Llike the loading bay at Anfield, or the unremarkable Detroit house that became Motown Records’ hit factory, the artist’s studio is where the magic happens. But the strange alchemy that turns branding into a mesmerizing work of art is only half of it. Sometimes there is also sex in the studio. The Dutch Golden Age painter Gerard de Lairesse hired two sisters as models in his hometown of Liège, but did a runner in 1664 after locals discovered that he had had an affair with not one, but both of they. And when there was no sex, the studio could witness the mad infatuation of an artist like the Austrian expressionist Oskar Kokoschka. He commissioned a life-size doll modeled after his ex, Anna Mahler, and made more than 80 paintings, drawings and photographs of it in his studio.
There can also be violence and death in the studio. The sculptor Bernini swung a crowbar at his brother Luigi in their workplace at St Peter’s, Rome, cracking several ribs after discovering that Luigi was sleeping with his mistress. The early art historian Vasari wrote of Michelangelo, “He was constantly flattering corpses to study the secrets of anatomy.” He got through at least 30 cadavers.

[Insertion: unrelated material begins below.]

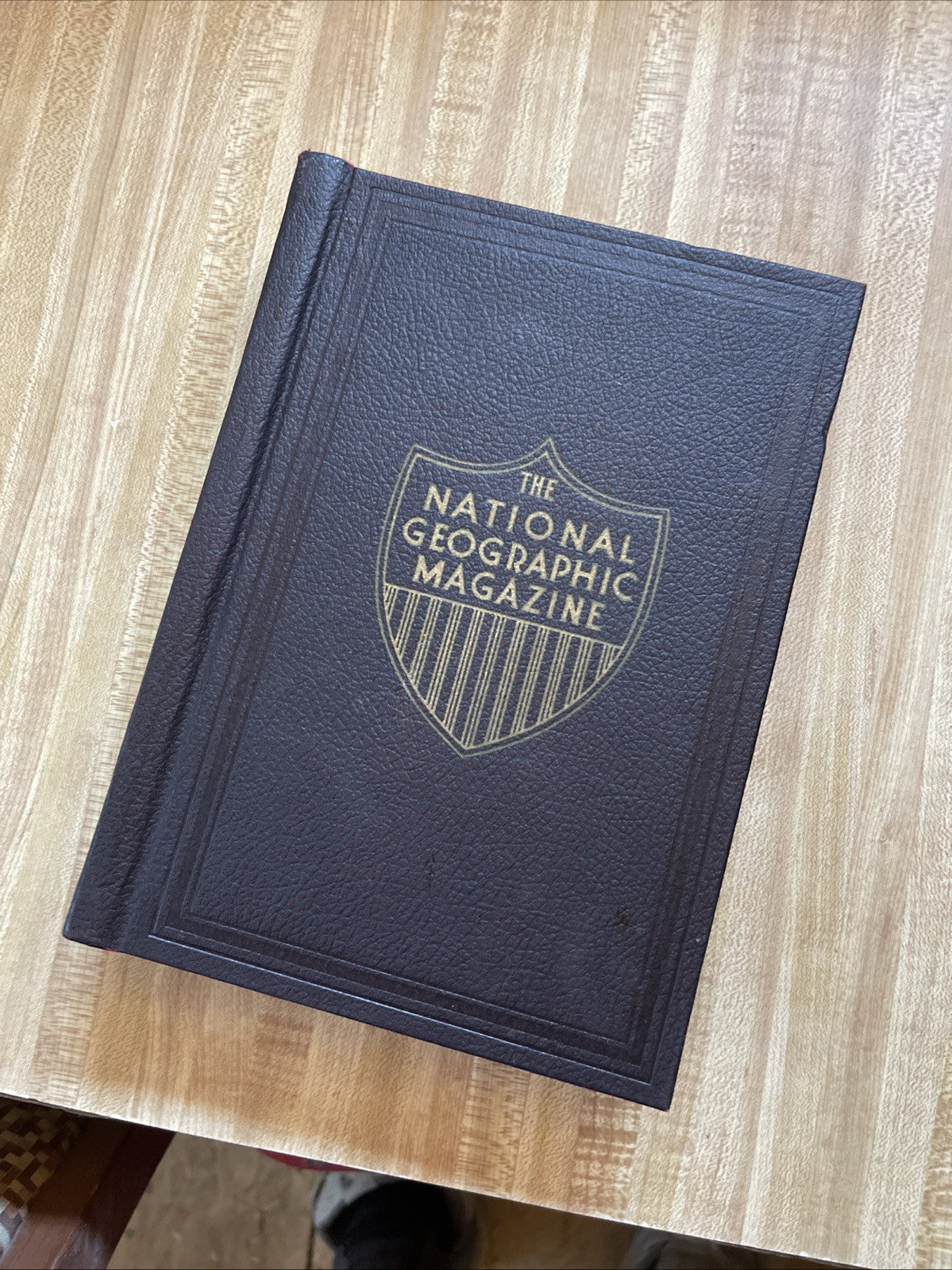 National Geographic Index 1972 Hardcover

In art historian James Hall’s account, some artists would stand in baskets of wood shavings to keep their feet warm. They must “ignore odors of varnishes and oils that make painters’ workrooms smell like a communal latrine”, as one 18th-century chronicler put it. The Spanish master Goya would refresh his canvases at night and stumble around his gloomy studio with candles attached to a sturdy hat, a risk to himself and the entire household. No, the artist in dress and beret calmly channeling his vision at the easel is atypical.

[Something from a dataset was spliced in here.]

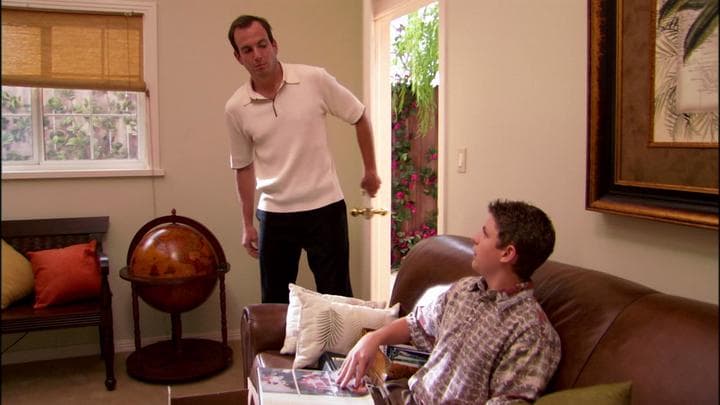 Uncle Gob.  Hey, uh, was Aunt Lindsay ever pregnant?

One of the few who could manage it was the pure Peter Paul Rubens, a diplomat as well as the outstanding figure of the Flemish Baroque. He has done more than the dreams of any management how-to guide. In 1621 the physician to the King of Denmark happened to call at the great man’s studio in Antwerp and found “the master was working on a canvas while listening to a lecture by Tacitus and at the same time dictating a letter” .
The studio was not always a safe place for a female artist. Pioneer Artemisia Gentileschi grew up in Rome, the daughter of a painter, and the family home served as her father’s workshop, with a steady traffic of models, colleagues and buyers. It was the scene of her rape by a fellow artist in 1611 when she was 17. In one of her most celebrated works, a dynamic and assertive self-portrait as the allegory of painting, “her studio is cell-like and windowless, but, Caesar-style, she crosses a cultural Rubicon”, says Hall.
For my money, the greatest studios in British art belonged to Francis Bacon and Lucian Freud. Besides their friendship, one thing the pair had in common was a spell at an English boarding school, which probably explains a lot. Black-and-white footage shows Bacon plodding across the middle of a studio like a hoarder being talked out of a stash of junk. At one time, his nanny shared this space, sleeping on a table after a hard day’s shoplifting with her full-grown charge, as if in a riotous reimagining of the Jacob Rees-Mogg story. Freud’s studio in Notting Hill, with its rolling bare boards, clumps of paint on the walls and piles of dirty white rags, looks like the deck of a ship converted into a makeshift field hospital.
The Artist’s Studio describes how a tumultuous cabin of lust, crime and virtuosity produced innovations in how art is made, and by whom. To you, me and the estate agent, a studio is the pinchiest of accommodations, but in Hall’s sprawling and dryly entertaining survey, it has many mansions.